### What you will do
Reproduce the data that follows character for character, but omit its pictures.

[Stored items from a collection]

↓

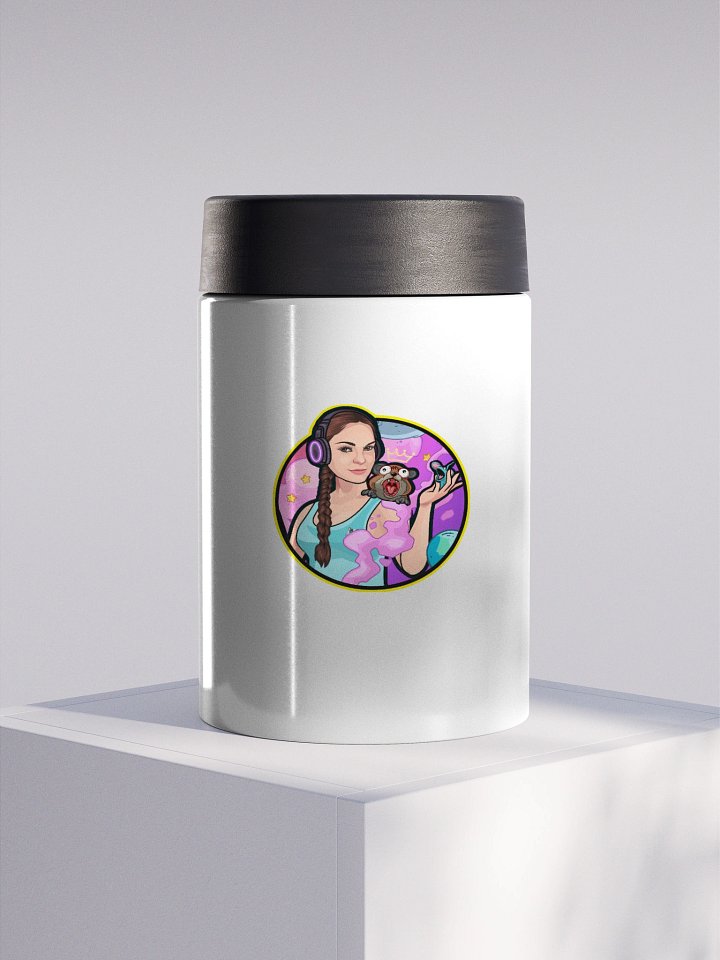 Naiikidi 2025 product image (1)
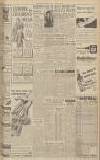 Birmingham Daily Gazette Thursday 05 November 1942 Page 3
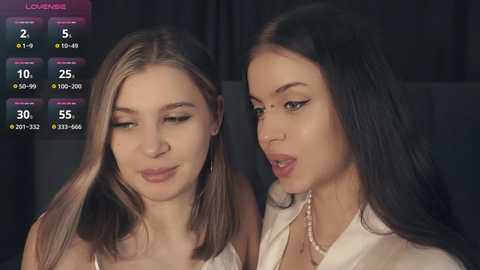 Media: vivid_girls_vg Stripchat 2024-10-21 10:58:00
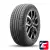 Gislaved EcoControl 205/65 R16 99H Gislaved EcoControl 205/65 R16 99H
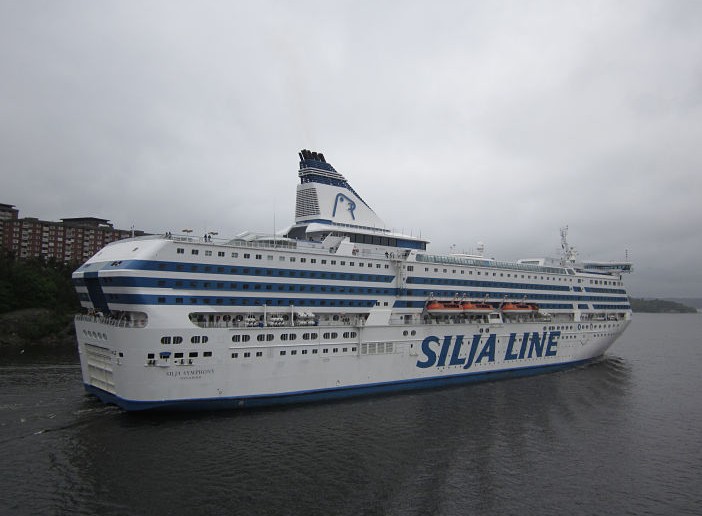 Holland America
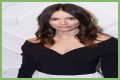 Abigail Spencer: A Deep Dive Into The Life And Career Of The Talented Actress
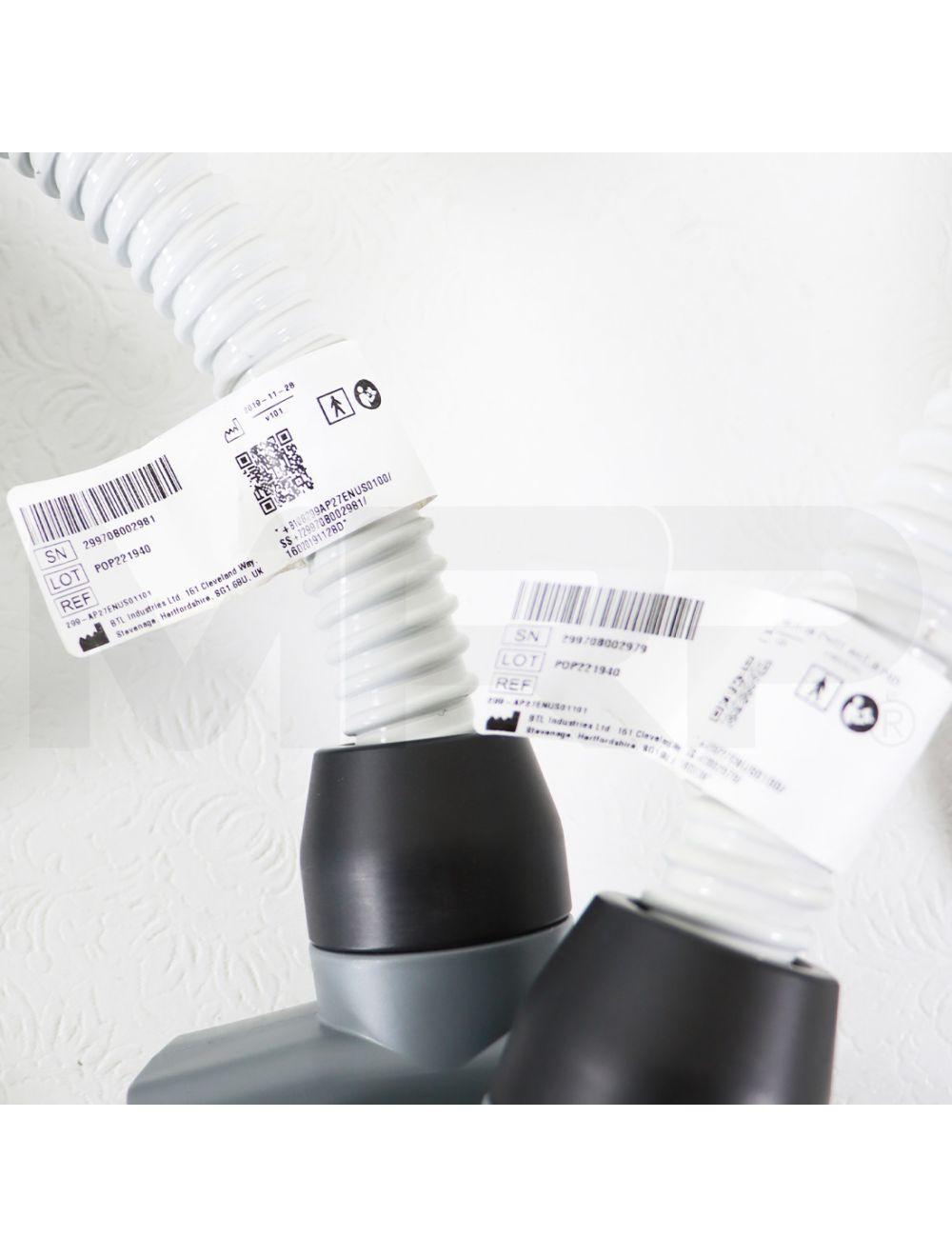 2019 BTL EmSculpt Non Invasive Body Sculpting BodySculpting Workstation Device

↑

### Finished exercise
 Naiikidi 2025 product image (1)
 Birmingham Daily Gazette Thursday 05 November 1942 Page 3
 Media: vivid_girls_vg Stripchat 2024-10-21 10:58:00
 Gislaved EcoControl 205/65 R16 99H Gislaved EcoControl 205/65 R16 99H
 Holland America
 Abigail Spencer: A Deep Dive Into The Life And Career Of The Talented Actress
 2019 BTL EmSculpt Non Invasive Body Sculpting BodySculpting Workstation Device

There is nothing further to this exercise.